Go to ebay. Buy a Grandstream phone, buy a Cisco SPA303, buy a Polycom VVX500. Buy a Yealink. Buy a Snom. Take whatever you got out of the box, power it up, factory reset it, and let it come to a rest. Now start pressing keys on the dial pad.
You'll be surprised to discover that you can enter as many as you like, and if you press the same key a couple times, you'll get letters. Go ahead, punch in a domain name. google dot corn. Press "Send". If you pcap that phone, you'll see it do a Goddamn DNS lookup.
See - if you don't know - a domain name is not just a pointer to a website. They can contain volumes. The DNS is a *massive* library of information, which the bulk of the internet refuses to use because of capitalism.
There are endless dimensions of DNS records. So one of the things you can do with DNS is ask "For google.com, are there any SIP records?" You can do this, today, right now. It won't work because google didn't register any. Probably, anyway.

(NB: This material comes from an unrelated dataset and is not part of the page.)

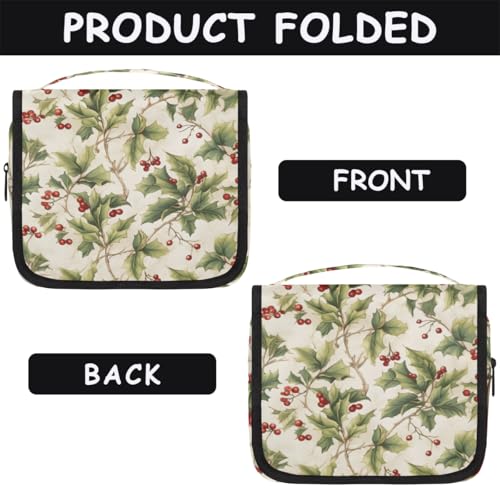 Hanging Travel Toiletry Bag for Women, Holly Berries Print Water Resistant Polyester Organizer with Hook & Handle, Large Capacity Cosmetic Bag for Travel, Gym, Camping - color: Holly Berries Print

But the framework is there. Google is able to publish a domain record that anyone, anywhere can request, that will tell *specifically a VoIP phone* which address and port to send a session invite to, and all they have to do is park a PBX at that IP. Presto, you're talking.
There were FURTHER ideas. ENUM was supposed to let you map it the OTHER WAY. You put in a phone number, your phone does a DNS lookup and comes back with
- an IP address
- an *email* address
- a website
- a SIP URI
so, without changing ANYTHING about their existing system or divorcing from the public phone network at all, you would be able to put in Costco's phone number and your phone would ask "what method do you want to use to contact Costco" and present all these options
so again - we CREATED THE FRAMEWORK FOR THIS. IT'S THERE. IT WORKS. And we don't use it. Here are the reasons
I'm not sure why, but North Africa and China have a massive problem with phone fraud. Maybe phone calls are just frighteningly expensive over there. If you connect a PBX to the internet, you will get owned in under a minute.
That is to say - right now, your IP, your actual internet connection, is being hammered with UDP and TCP SIP INVITEs on port 5060. This is happening, you just don't know about it because your router/firewall protects you implicitly. *Everyone* is being scanned from RIPE addresses
Capitalism caused this. If phone calls weren't fiendishly expensive in some places, nobody would be frantically trying to steal service. As a result, every PBX has to be locked down like a prison
If you're smart, your PBX is behind a hardware firewall that passes traffic on ONLY port 5060, ONLY established sessions and ONLY from 2 to 4 IPs and NOTHING else. Trust me. This is my job. If you aren't doing this, you should be.
Next: Who wants to run a PBX in 2018, am i right folks???? Well actually the backlash started in the 2000s, and gave rise to this somewhat cursed 2010s nightmare version of Centrex called Clo ud P B X
This concept is where a company runs your PBX *for* you. And, well, Bell System Rule Of Acquisition #1 is All Customers Must Be Billed, so the pricing for this is pretty much what it was in 1971
if you run your own PBX you can have infinite calls for free. seriously - and I've thought about this - we could turn up a few Asterisk (or something better) instances on a rented VM, register softphones to them, and have our own queer phone network
it would be a flat rate based on whatever the VM cost to run and you just need a softphone (there are free ones) that you point at an IP and specify a username and password and you're in. We have our own phone number system. Your friend circle has extensions.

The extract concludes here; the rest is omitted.